Having discovered his vocation for photography in 1958 while on holiday in the USSR, in 1964-65 Duane Michals began to document New York City in a tantalisingly unfamiliar guise, virtually empty of inhabitants at dawn or dusk. In deeply evocative black-and-white images he depicted storefronts and interiors; deserted stations, subway cars, funfairs and arcades; derelict markets, vacant theatres and diners.
Already the hallmarks of his mature style were apparent: a fascination with the sequencing of his images as a way of establishing a narrative, an understanding of the emotive power of locations as sites of epiphany, an instinctive ability to frame the subject within the view-finder and to draw out its atmosphere from the available natural lighting, and a concentration on incidental details and amusing juxtapositions. He soon recognised the potential of these locations as stage sets for the human dramas that he began to make a few years later and on which his reputation as an artist was to rest. It is no exaggeration to say that through his Empty New York images, only a very few of which have been published or exhibited before, he discovered his voice as an artist photographer whose work is full of poetry and a yearning for spiritual fulfilment.
Day after day Michals would rise at dawn to capture unpeopled sidewalks, bridges and parking lots, architectural fragments, the Hudson River, cityscapes in the mist, skyscrapers and urban nature reflected in the puddles of Central Park.

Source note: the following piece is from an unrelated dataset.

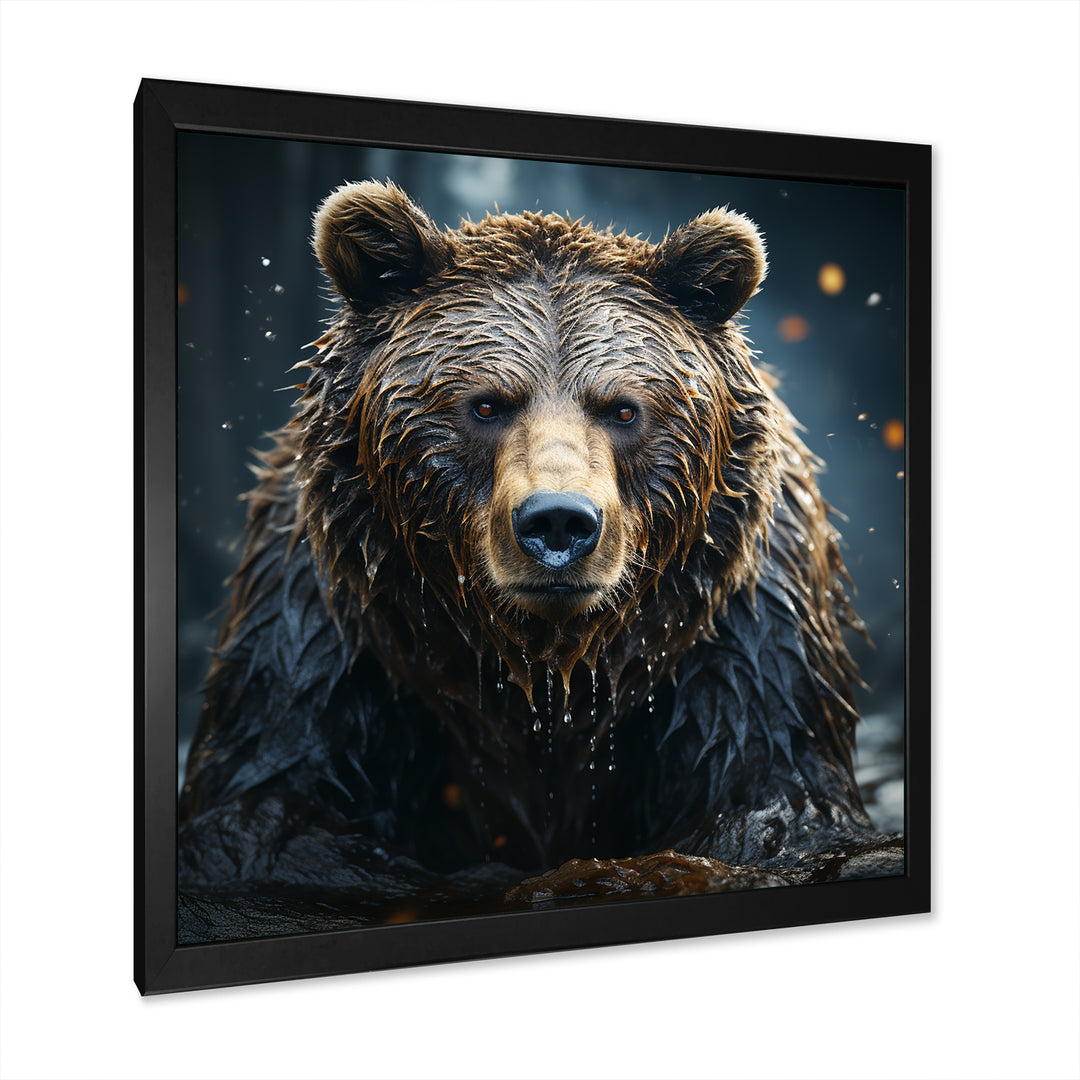 Expressionist Portrayal Of A Grizzly Bear - Bear Framed Canvas Art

Beautifully realised and now achingly nostalgic, the photographs in Empty New York show us the city frozen in time, just as Eugène Atget, one of Michals’ heroes, commemorated Paris in the early years of the twentieth century. A social history and also a photographic reportage, Duane Michals’ pictorial poem reminds us with every frame how he has earned his place among the greats of American photography.